- _WORK REQUIRED_:
Since the copy must hold text only, transcribe the data below exactly and omit the images.

Image-caption web data
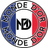Monde D'or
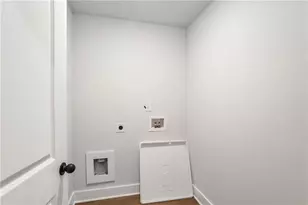 522 Pierce Ave NW, Atlanta, GA 30318 - Photo 21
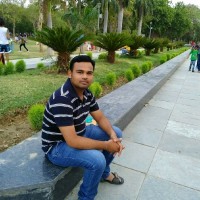 Satendra Singh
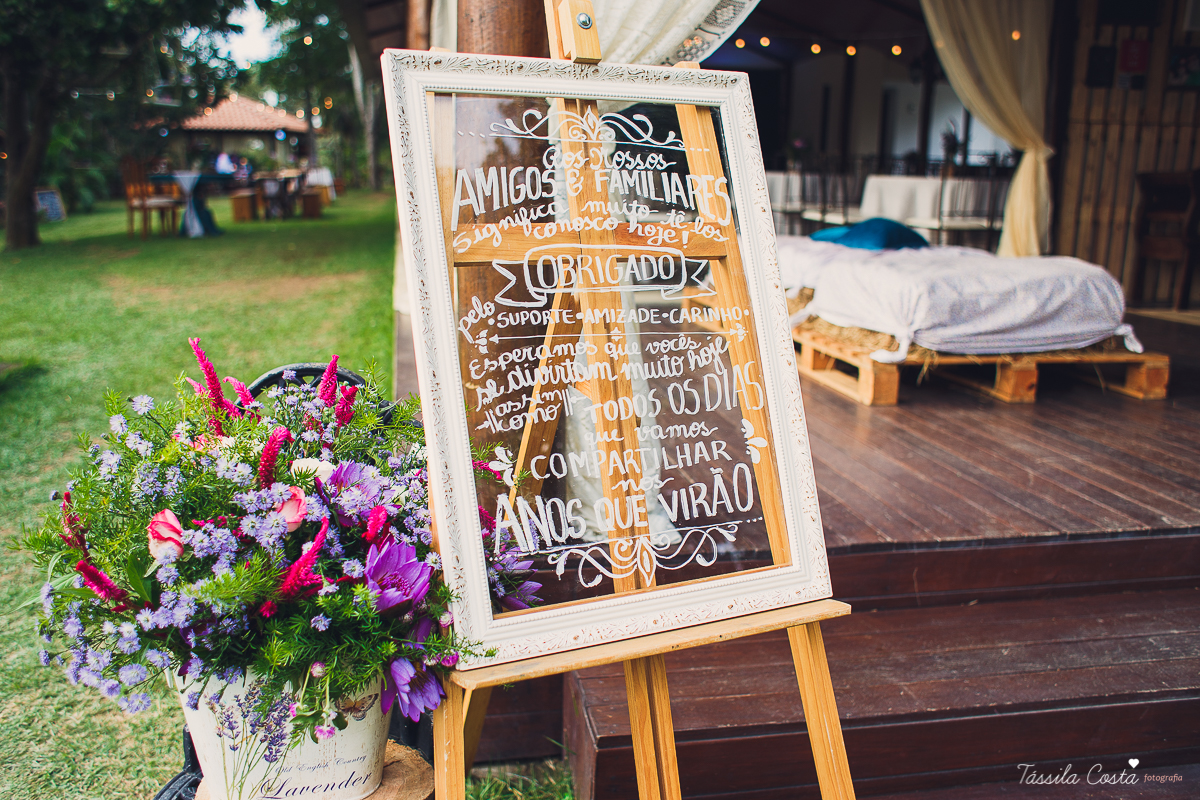 icaseibrunoejulia, tássila costa, fotografia de casamento, sítio nona lu, casamento de dia, casamento ao ar livre, festa dos sonhos, casando de manhã, decoração de casamento de dia, vila velha, es, casando no es, bruno e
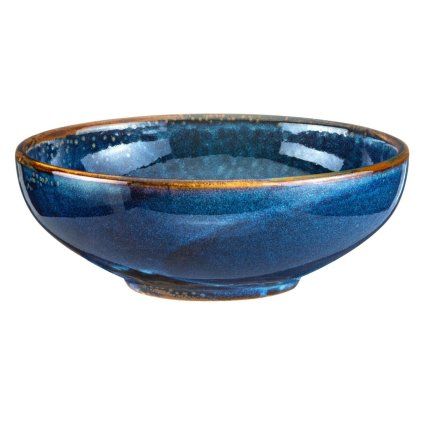 27699 deep blue miska 0 8 l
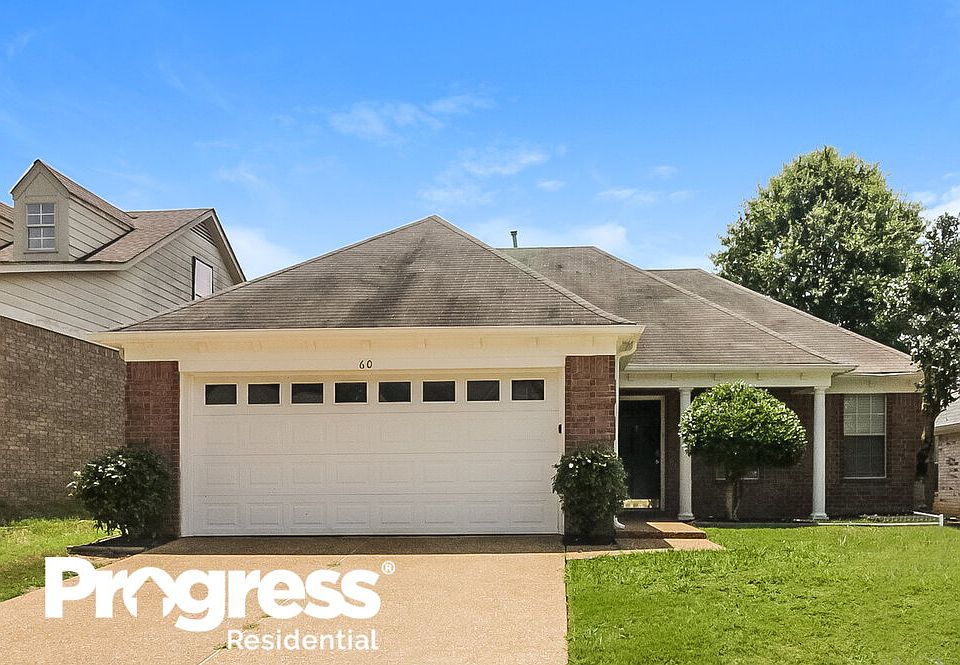 1st image of 60 Garden Springs Dr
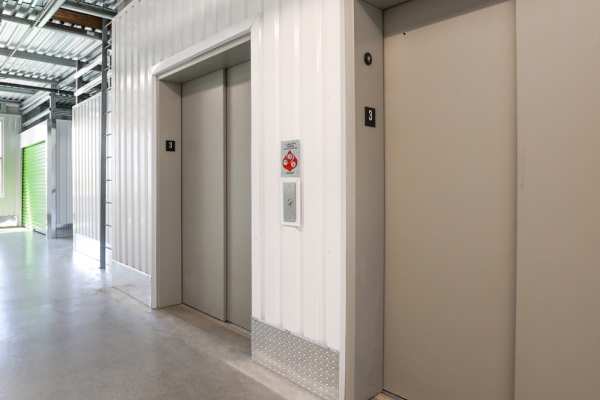 storageunits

- _SOLUTION FOR THIS TASK_:
Monde D'or
 522 Pierce Ave NW, Atlanta, GA 30318 - Photo 21
 Satendra Singh
 icaseibrunoejulia, tássila costa, fotografia de casamento, sítio nona lu, casamento de dia, casamento ao ar livre, festa dos sonhos, casando de manhã, decoração de casamento de dia, vila velha, es, casando no es, bruno e
 27699 deep blue miska 0 8 l
 1st image of 60 Garden Springs Dr
 storageunits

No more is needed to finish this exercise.